Sicilian serpentinite xenoliths containing abiotic organics with nanodiamond clusters as key model for prebiotic processes

Rock fragments from the deepest parts of a buried hydrothermal system belonging to the Mesozoic Tethys Ocean entered as xenoliths in a Miocenic diatreme, hence brought to the surface, in the Hyblean Plateau (Sicily). Some xenoliths consist of strongly serpentinized ultramafic rocks bearing blebs of abiotic organic matter, where clusters of amorphous carbon nanoparticles, including nanodiamonds, are immersed. Such an occurrence conjures up established hypotheses that diamond surfaces are suitable catalytic platforms stimulating the assemblage of complex bio-organic molecules relevant to the emergence of life on Earth.
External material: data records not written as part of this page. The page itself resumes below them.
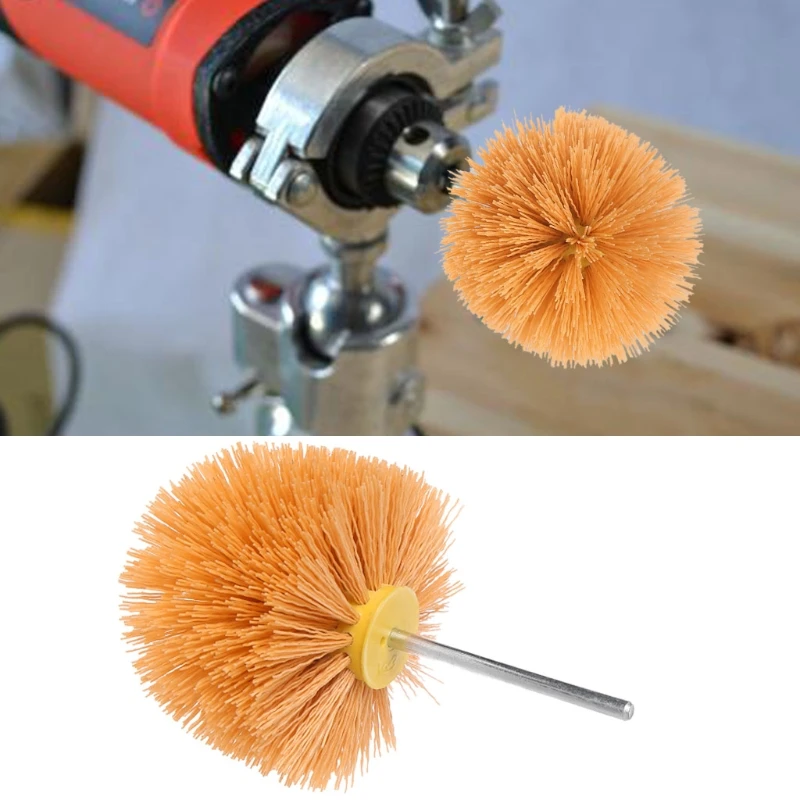 

Deburring Abrasive Steel Wire Brush Polishing Grinding Buffing Mushroom Shank LS'D Tool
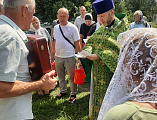 В день памяти преподобного Серафима Саровского храм в поселке Отрадный Багаевского района отметил престольный праздник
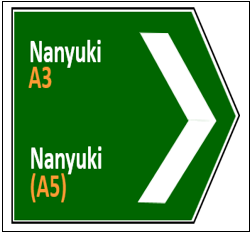 Direction-For-Trunk-Road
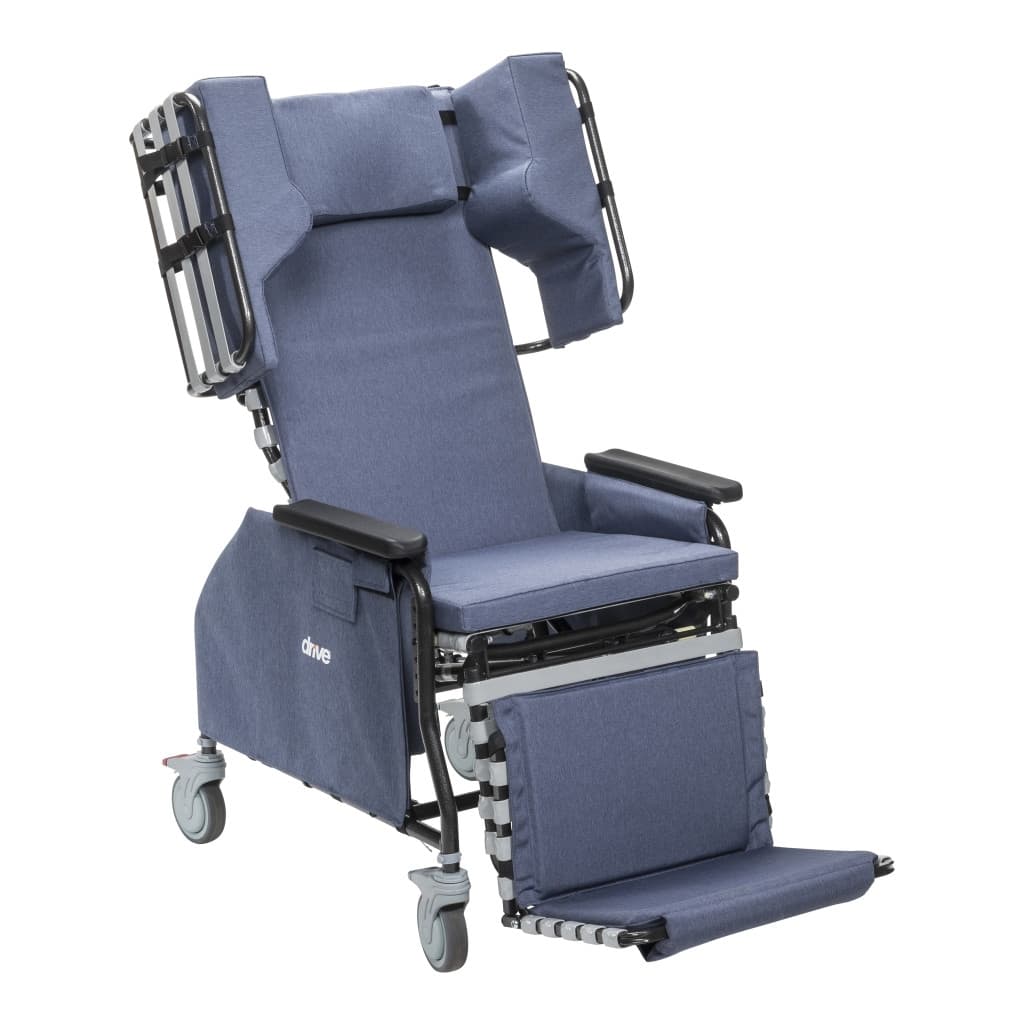 Drive Medical Rose Comfort Max tilt and recline chair with casters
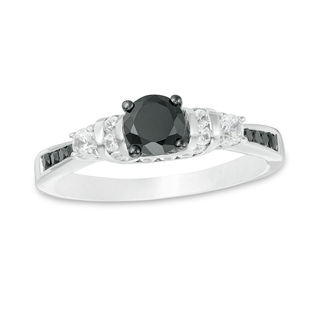 1.07 cttw. Oval Diamond Ring with Small Trio Side Diamonds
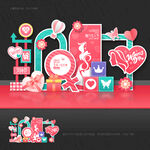 三八妇女节美陈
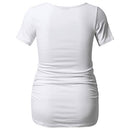 Maternity Shirts Mama Bear Funny Pregnancy Tshirt Novelty Gift Wild Animal Family Tee,White with Two Bear,L …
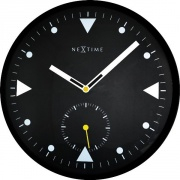 NÁSTĚNNÉ A STOLNÍ HODINY Designové nástěnné hodiny 3049 Nextime Serious black 32cm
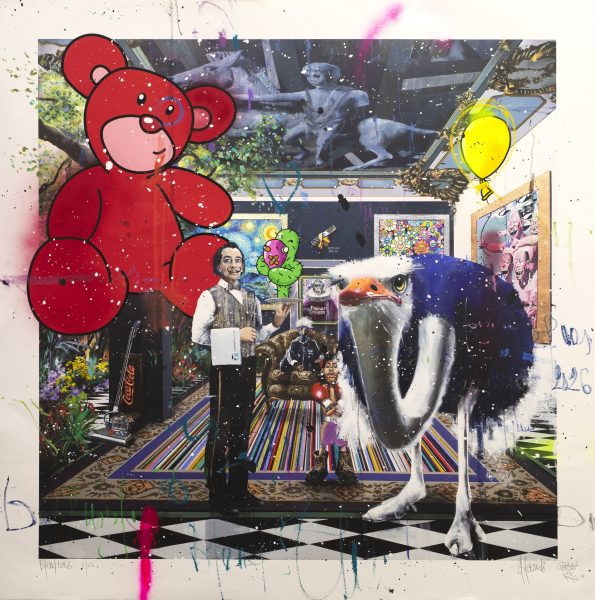 Dali and the bear,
The appearance of bio-organic molecules under primitive Earth conditions is one of the major unsolved questions on the origin of life. Here we report new micro-Raman spectra on blebs of abiotic organic matter from a selected xenolith. Diamond bands were related to hydrogenated nanocrystalline diamonds, with size of nearly 1–1.6 ?nm, formed from organics at low pressures and temperatures. In particular, diamond surfaces can give rise to crystalline interfacial water layers that may have played a fundamental role in the early biosphere evolution as a good medium for rapidly transporting positive charges in the form of hydrated protons. Nowadays, proton gradients in alkaline hydrothermal vents along oceanic ridges are generally viewed as key pre-biotic factors. In general, serpentinites span the entire geological record, including prebiotic times. These hydrous ultramafic rocks often display evidence of abiotic carbon species, both organic and inorganic, including nanodiamonds, being also capable to give rise to chemiosmotic processes and proton gradients necessary to the organisms, such as the “Last Universal Common Ancestor” (LUCA), in the prebiotic Earth.